§ **TASK DETAILS**
Search the records for the string "logo" and return each line that has it.

§ **RECORDS PROVIDED**

/---

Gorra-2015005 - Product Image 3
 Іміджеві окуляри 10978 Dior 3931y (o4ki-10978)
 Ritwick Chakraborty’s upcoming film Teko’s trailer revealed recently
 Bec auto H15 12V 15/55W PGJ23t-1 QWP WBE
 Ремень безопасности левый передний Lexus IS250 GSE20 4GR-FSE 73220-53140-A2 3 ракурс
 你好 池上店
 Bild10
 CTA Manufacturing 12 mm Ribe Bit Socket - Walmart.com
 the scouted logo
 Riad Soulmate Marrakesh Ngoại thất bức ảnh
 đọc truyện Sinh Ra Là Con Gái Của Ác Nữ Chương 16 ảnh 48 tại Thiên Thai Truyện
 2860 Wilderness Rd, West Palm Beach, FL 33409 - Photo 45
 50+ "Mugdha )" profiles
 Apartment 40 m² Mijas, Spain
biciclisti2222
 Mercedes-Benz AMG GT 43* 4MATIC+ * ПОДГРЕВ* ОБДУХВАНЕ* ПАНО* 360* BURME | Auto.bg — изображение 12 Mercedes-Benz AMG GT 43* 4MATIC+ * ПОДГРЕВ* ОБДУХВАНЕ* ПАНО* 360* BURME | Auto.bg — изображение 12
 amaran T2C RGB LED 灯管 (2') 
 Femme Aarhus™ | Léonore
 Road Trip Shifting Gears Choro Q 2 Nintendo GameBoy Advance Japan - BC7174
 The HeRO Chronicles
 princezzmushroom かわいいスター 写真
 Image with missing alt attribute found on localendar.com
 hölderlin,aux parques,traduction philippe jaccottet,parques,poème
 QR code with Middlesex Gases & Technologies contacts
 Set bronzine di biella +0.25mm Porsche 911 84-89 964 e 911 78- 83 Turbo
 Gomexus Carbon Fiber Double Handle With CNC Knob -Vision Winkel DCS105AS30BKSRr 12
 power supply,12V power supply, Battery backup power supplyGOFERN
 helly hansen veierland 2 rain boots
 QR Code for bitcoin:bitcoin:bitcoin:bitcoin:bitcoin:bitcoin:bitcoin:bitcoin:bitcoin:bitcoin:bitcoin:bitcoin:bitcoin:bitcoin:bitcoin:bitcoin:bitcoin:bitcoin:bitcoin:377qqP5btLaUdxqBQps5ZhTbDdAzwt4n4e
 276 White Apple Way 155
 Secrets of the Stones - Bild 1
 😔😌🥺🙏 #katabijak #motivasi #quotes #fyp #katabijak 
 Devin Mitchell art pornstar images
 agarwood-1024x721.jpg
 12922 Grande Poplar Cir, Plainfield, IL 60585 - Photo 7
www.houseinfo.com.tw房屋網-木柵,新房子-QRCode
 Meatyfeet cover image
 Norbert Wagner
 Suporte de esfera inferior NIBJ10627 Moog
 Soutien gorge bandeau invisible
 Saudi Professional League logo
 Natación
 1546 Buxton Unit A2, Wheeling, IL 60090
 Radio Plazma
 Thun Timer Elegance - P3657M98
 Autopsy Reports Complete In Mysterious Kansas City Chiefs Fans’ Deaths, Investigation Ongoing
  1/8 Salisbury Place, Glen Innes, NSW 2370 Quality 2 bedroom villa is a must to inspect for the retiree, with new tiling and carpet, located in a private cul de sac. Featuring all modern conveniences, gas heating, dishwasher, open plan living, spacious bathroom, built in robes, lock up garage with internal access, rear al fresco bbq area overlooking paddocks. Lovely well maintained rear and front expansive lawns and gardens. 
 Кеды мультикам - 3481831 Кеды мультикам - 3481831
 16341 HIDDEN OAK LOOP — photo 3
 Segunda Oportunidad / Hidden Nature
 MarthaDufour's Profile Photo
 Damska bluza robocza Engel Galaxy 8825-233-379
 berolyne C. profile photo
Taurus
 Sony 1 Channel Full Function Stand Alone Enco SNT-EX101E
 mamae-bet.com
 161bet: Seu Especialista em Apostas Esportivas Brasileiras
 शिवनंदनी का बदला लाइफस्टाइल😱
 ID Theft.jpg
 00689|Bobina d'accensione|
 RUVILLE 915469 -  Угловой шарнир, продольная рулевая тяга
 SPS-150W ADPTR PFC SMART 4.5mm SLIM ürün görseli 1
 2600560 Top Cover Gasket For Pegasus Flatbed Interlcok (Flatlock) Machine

\---

§ **RESPONSE BOX**
 the scouted logo
 Saudi Professional League logo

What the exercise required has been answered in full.